In most Eastern European countries Christian religious properties were among the first to be returned. After all they were serving active, even growing communities. But Jewish properties were another matter. The destruction of Jewish communities was often so complete that there were no local congregations to claim the former synagogues, schools and other communal buildings. They had in any case been seized by the Nazis, desecrated and put to other uses even before the Communists nationalized them. And governments were not eager to displace the current occupants. 
But though they were decimated in the Holocaust, Jewish communities had not disappeared. Perhaps one of the small miracles we have witnessed is the revival of Jewish life in these countries. Many people—and especially Jews in America and in Israel—assumed that the fall of Communism would also mean a final exodus of these Jews. They were after all free to emigrate. And it was true; many did leave for Israel or America or Germany. But others stayed, and they rebuilt. And now they have need of these former Jewish properties—to house and support their own activities and to provide stability and financial independence. To this end, most of these countries eventually adopted legislation that provided for the partial return or payment of some compensation for these communal properties. They were frequently encouraged by outside voices—not least among them the United States—with the volume somewhat higher during the debates over NATO enlargement. 
It should be said that there is no place where all or even the majority of former Jewish communal properties were returned or full value paid. Most are fortunate if they have enough to sustain local community needs. 
And this has not only been about real estate.
In 2000 I was in Vilnius, a visitor to the National Library which had a vast collection of Jewish books and newspapers, much of it at the time uncatalogued and stored in an unheated annex. This drew international criticism and calls by some for transferring the collections to Israel or the United States. But largely unknown at the time was something the library director showed me. In a basement storage room laid out on shelves were over three hundred burlap-wrapped packages, each one containing a Torah scroll or fragment or other Biblical scroll. He told me they had been rescued after the war’s end, gathered secretly by the Library’s director at the time and hidden all these years. 
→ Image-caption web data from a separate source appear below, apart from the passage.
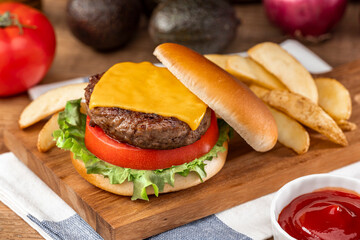 チーズをのせたビーフパティのハンバーガーとポテト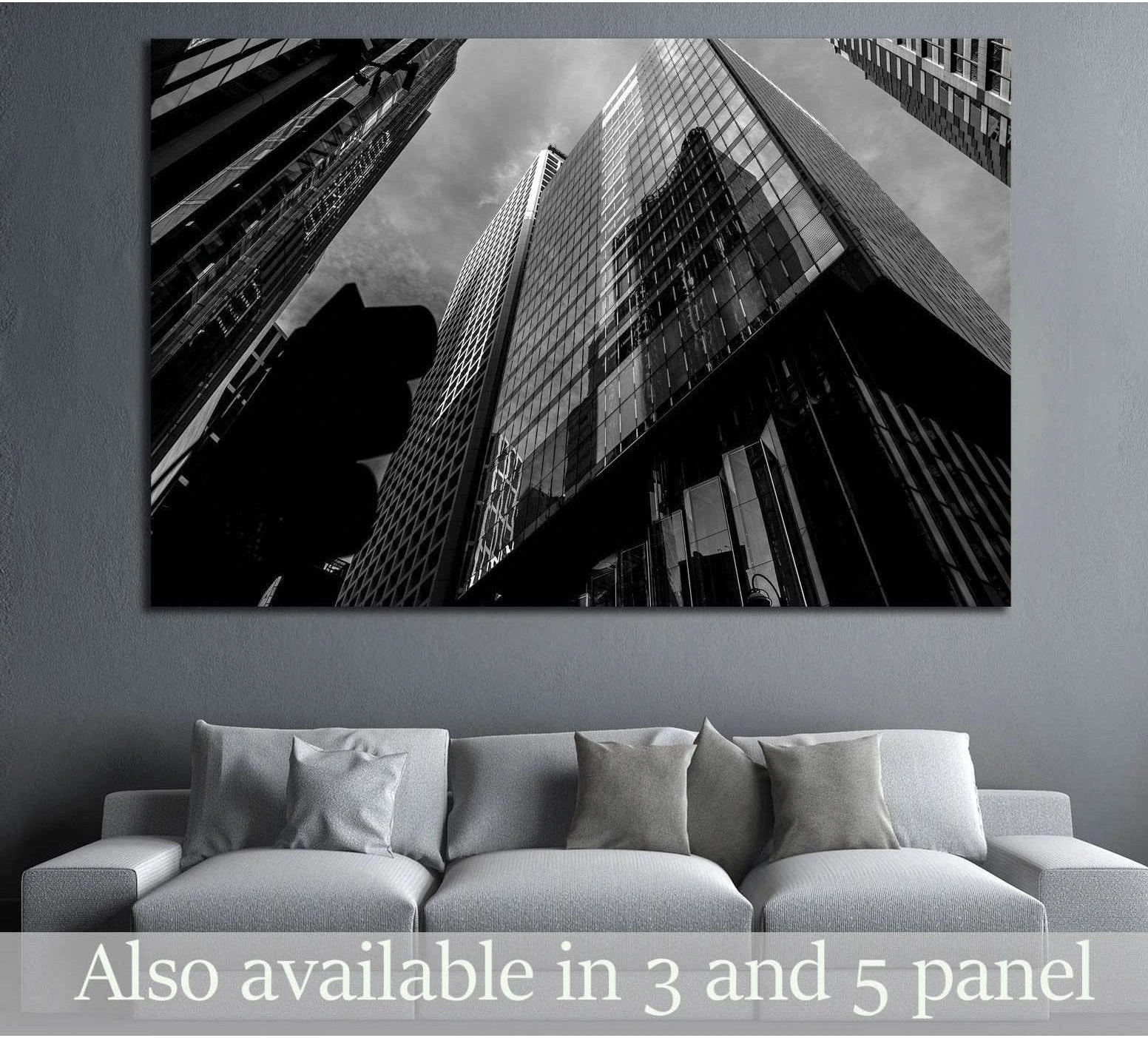 Black and white Hong Kong skyscraper canvas print hung above sofa in modern living room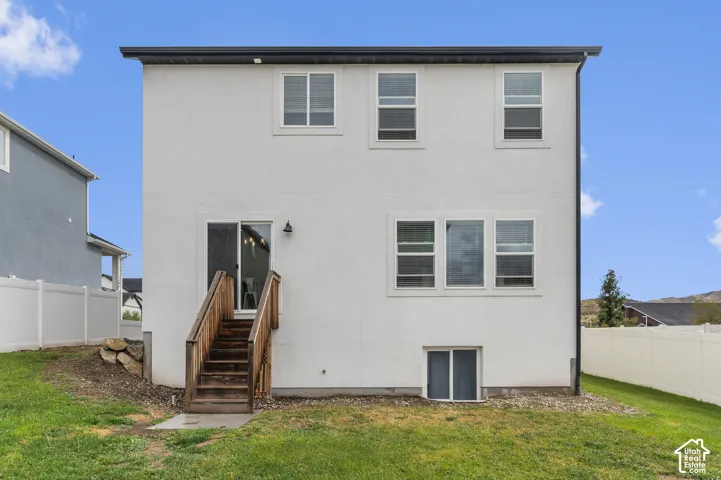 White stucco exterior with multiple windows, second-story sliding glass door, and wooden stairs
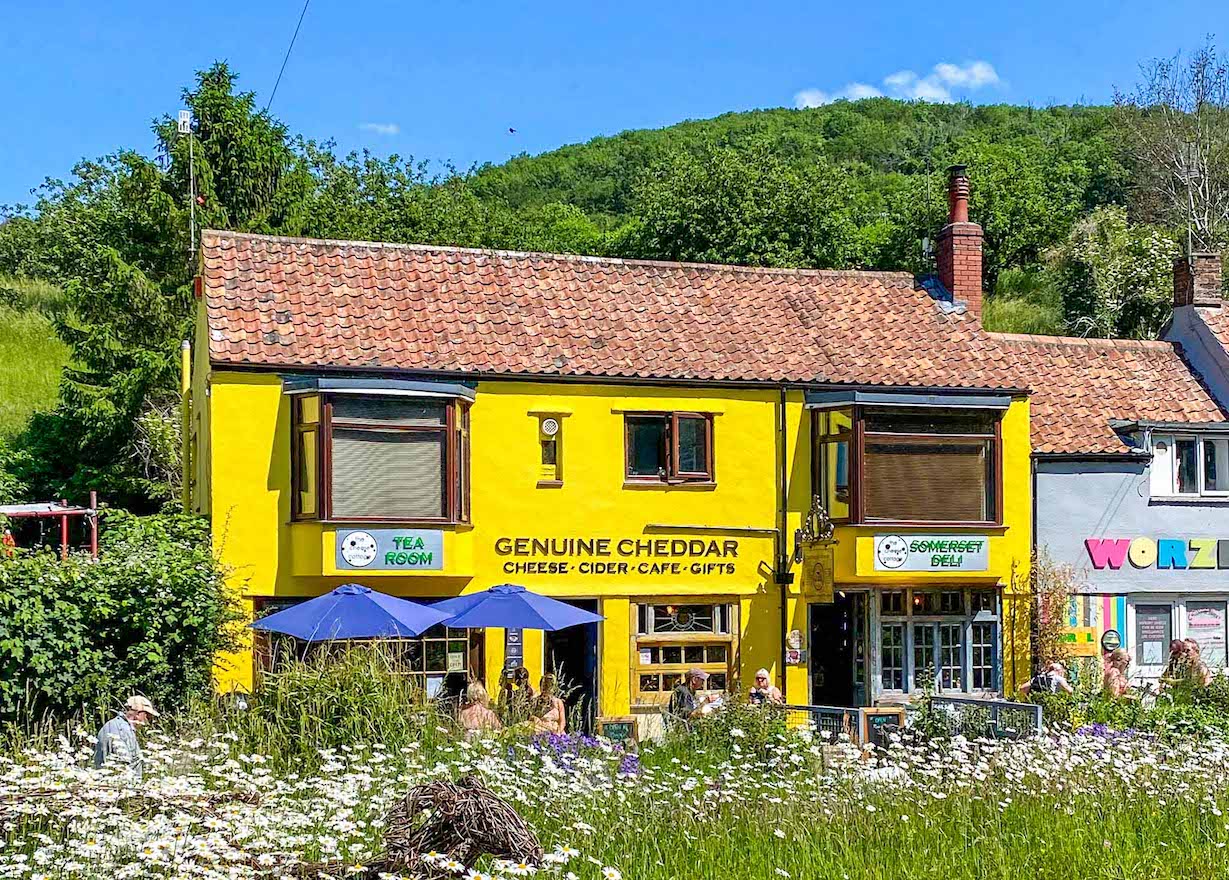 The Wandering Quinn Travel Blog Things to do in Cheddar Gorge, yellow building in Cheddar village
It was a moving story but I said this was not a happy ending. The Library might argue that its Jewish books belong on its shelves, rather than those of another country. But Torah scrolls do not belong on anyone’s storage shelves, I argued. They are an essential part of Jewish worship and they belong in synagogues. Eventually the government of Lithuania was persuaded, and it agreed to hand over nearly all of these scrolls for that purpose.  Two years later these scrolls were flown to Israel, repaired in Jerusalem and then distributed to Jewish congregations in America, Europe and Israel—now a genuine happy ending to a story that began seventy years ago.
In closing, I wish I could report to you that all such matters have now been resolved. But sadly that is not the case. We are still engaged in negotiations with Germany for homecare and medical support to needy Holocaust survivors in the last years of their lives. We are still pressing various Eastern European governments to resolve remaining communal and private property claims, and to discuss the question of heirless former Jewish property. Claims for looted assets including artwork and other valuables are still filed. 
Thankfully, Holocaust education and remembrance have been embraced in many places. The United Nations has designated January 27, the anniversary of the liberation of Auschwitz, as an official commemoration day, and some 33 countries have done similarly. There are today major memorials and museums in Washington, NYC, London, Paris, Warsaw, Berlin, Auschwitz, Jerusalem, Budapest, and other cities.  Many nations have incorporated Holocaust history into their educational curricula. 
Let us hope that education will ensure that future generations are able to avoid tragedies like the one we recall today.